> **Exercise data**:
---+---
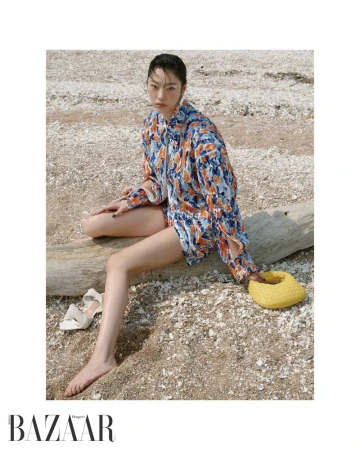 대자연 속에서 만난 보테가 베네타의 가을 컬렉션
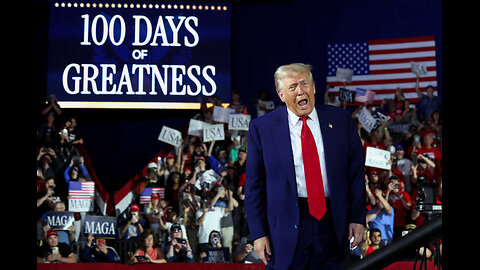 TRUMP'S FIRST 100 DAYS!! 🇺🇸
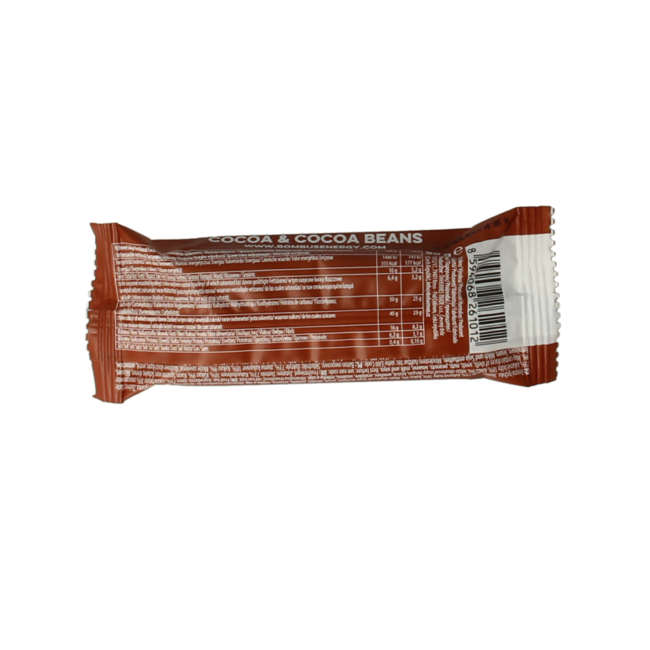Bombus Raw energy bar cocoa & cocoa beans 50 Gramm
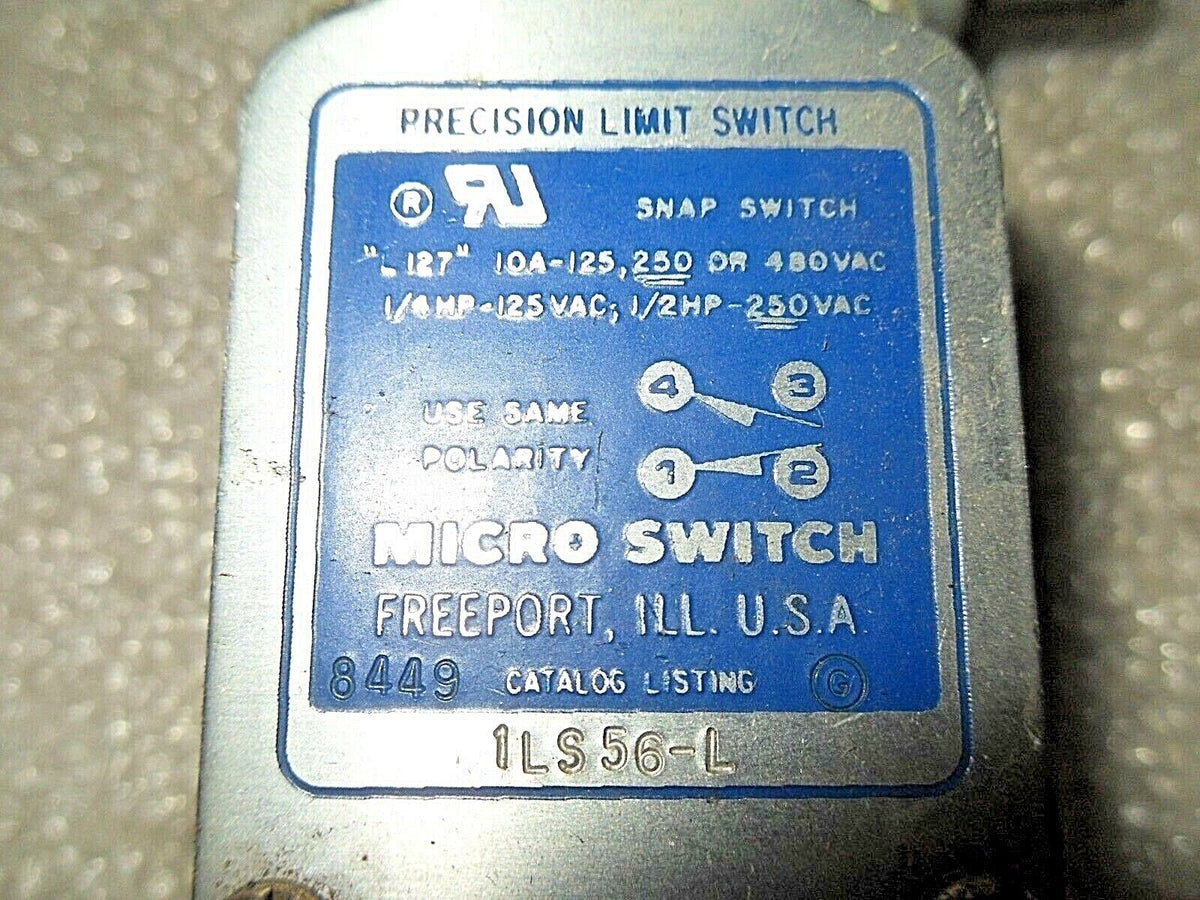 New & Used Microswitch at Smith's Industrial Surplus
---+---
Could the material above be written out again word for word, with the pictures dropped?

> **Solution for this task**:
 대자연 속에서 만난 보테가 베네타의 가을 컬렉션
 TRUMP'S FIRST 100 DAYS!! 🇺🇸
Bombus Raw energy bar cocoa & cocoa beans 50 Gramm
 New & Used Microswitch at Smith's Industrial Surplus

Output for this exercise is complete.